The experiment was carried out at the Product Microscopy Service of the Environmental and Sanitary Division at the Octávio Magalhães Institute (Central Public Health Laboratory of Minas Gerais) of the Ezequiel Dias Foundation (FUNED) in Belo Horizonte, Minas Gerais, Brazil.

Standards, reagents, and materials

The reference standard, ReagentPlus® Caffeine (purity 100%), was purchased from Sigma-Aldrich (Milwaukee, USA). The guarana seed powder (Paullinia cupana Kunth, Sapindaceae, batch No: 29650, analysis certificate: 1436) was kindly provided by Herboflora (Machado, Brazil), previously evaluated for its microscopic identity, and inserted in the Database of Reference Samples of the Microscopy Service/FUNED under code Fit 67. The following HPLC grade solvents were used: acetonitrile (purchased from Merck, Billerica, USA) and methanol (Sigma-Aldrich, St. Louis, USA). The solvents used in the mobile phase were degassed with helium. For the extraction, phosphoric acid (85% m v-1) from Sigma-Aldrich (Saint Louis, USA) and analytical grade ethyl alcohol from VETEC (Rio de Janeiro, Brazil) were used. Purified water (maximum conductivity = 1.3 μS cm-1 at 25.0 °C and total bacterial count ≤ 100 UFC m L-1)24 was obtained through a system consisting of a Milli-Di Deionizer (DI-PAK cartridge), an A9051 Pump, a Water Prof 230F Filter, and a 0.22 μm Millipak 40 Filter.

Analytical conditions

A Shimadzu (Kyoto, Japan) high performance liquid chromatography system was used. It was equipped with an SIL-10AF auto injector, an SPD-M10Avp diode-array detector (DAD), an SPD-10Avp UV-VIS detector, two LC-10AD pumps, an SCL-10Avp controller and CLASS VP software, version 6.14 SP2, for data processing. The following materials were also used: a C18 reverse-phase pre-column (4 x 4 mm, 5 μm particles) and a Shim-pack VP-ODS end-capped C18 reverse-phase analytical column (250 x 4 mm I.D., 5 μm particles), Shimadzu (Kyoto, Japan), kept at room temperature (20 ± 2 ºC).

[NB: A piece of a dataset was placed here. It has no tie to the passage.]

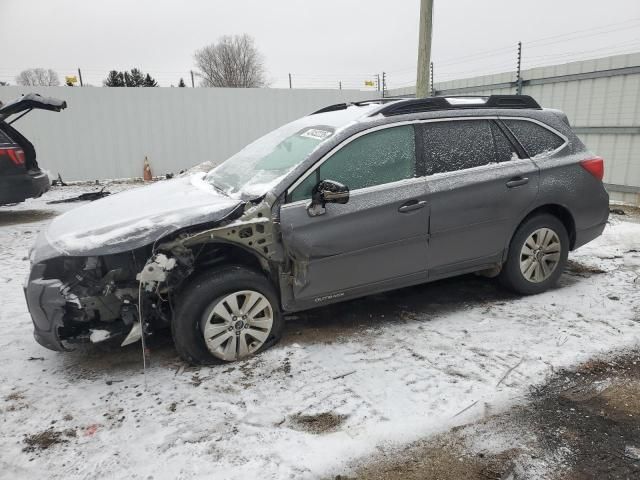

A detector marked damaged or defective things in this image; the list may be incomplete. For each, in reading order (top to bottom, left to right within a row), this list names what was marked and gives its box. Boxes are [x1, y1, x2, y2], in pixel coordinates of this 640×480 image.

dented hood [33, 172, 242, 262]
crushed front bumper [23, 264, 67, 350]
broken headlight area [25, 249, 194, 350]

The parameters assessed during development of the method included the organic modifier, elution type (isocratic and gradient), mobile phase flow rate, wavelength, and sample injection volume. After optimization, the following parameters were established: isocratic run with mobile phase composed of phosphoric acid (0.1%) (A) and acetonitrile (B), (88:12 v/v), flow rate of 1.5 mL min-1, injection volume of 10 μL, and detection at 272 nm.

Extraction optimization

Approximately 200 mg of guarana seed powder was weighed in a 15 mL Falcon tube and 10 mL of extracting solution [(8:2 v/v) ethanol-water mixture acidified with a 0.1% phosphoric acid solution at ~3.3 pH] was added.25 Optimization of the caffeine extraction process was performed using an experiment whose outline considered times of 5, 10, and 15 min, and number of extractions (2, 3 and 4 times). For each treatment, three independent replicates were analyzed and three injections were carried out for each of them.

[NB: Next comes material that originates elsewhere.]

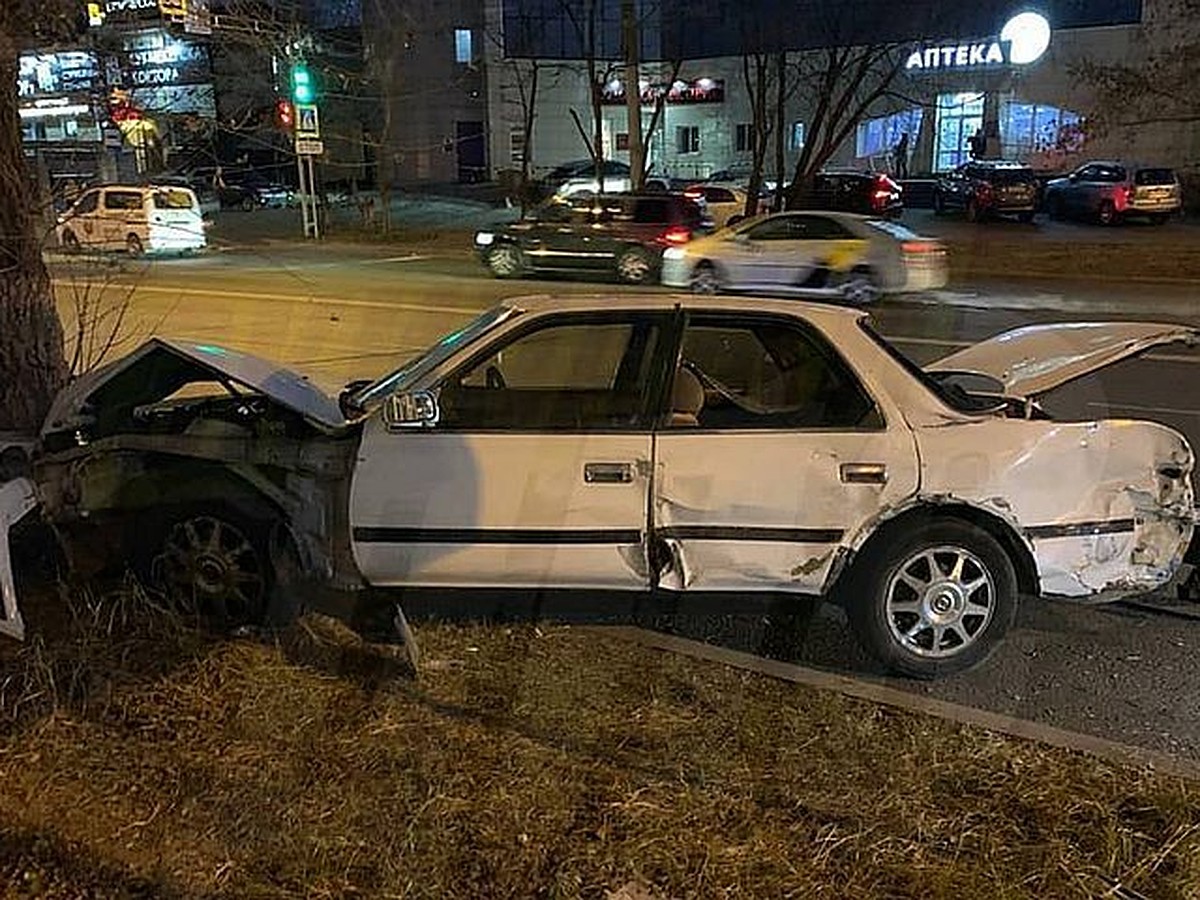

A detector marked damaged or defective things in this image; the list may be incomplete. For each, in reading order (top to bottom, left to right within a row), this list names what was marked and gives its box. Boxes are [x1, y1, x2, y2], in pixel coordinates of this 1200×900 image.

crumpled front hood [44, 338, 344, 436]
crumpled front hood [928, 320, 1200, 398]
wrecked white sedan [0, 296, 1192, 676]
damaged rear quarter panel [920, 418, 1192, 600]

The tubes containing guarana powder and extracting solution were immersed in an ultrasound bath (Unique USC 1400; Indaiatuba, SP, Brazil; operating at 40 kHz) for the predetermined time, the solutions were centrifuged at 1,096 x g for 2 min, and the supernatants were collected in 50 mL volumetric flasks. This procedure was repeated 1, 2, or 3 more times and the final volume was completed with extracting solution.

Aliquots of 250 μL were transferred to 10 mL volumetric flasks and the volumes were completed with HPLC grade methanol. The solutions were filtered through 0.45 μm membranes into vials and reserved for chromatographic analysis.

The results obtained were evaluated for distribution using the Shapiro-Wilk test. Subsequently, the data were submitted to analysis of variance (ANOVA) and the estimated averages for different treatments were discriminated using the Tukey test. The significance level adopted in the hypothesis tests was 5%. R software version 3.6.2 was used for statistical analysis of the data.

Standard solutions preparation

To prepare the stock solution, approximately 10 mg of caffeine standard was weighed on weighing boats and transferred quantitatively to a 10 mL volumetric flask by using 5 mL HPLC grade methanol. The solution underwent ultrasonification for 10 min, and the final volume was completed with methanol (1 mg mL-1) and kept frozen (-24 to -12 ºC) until it was used.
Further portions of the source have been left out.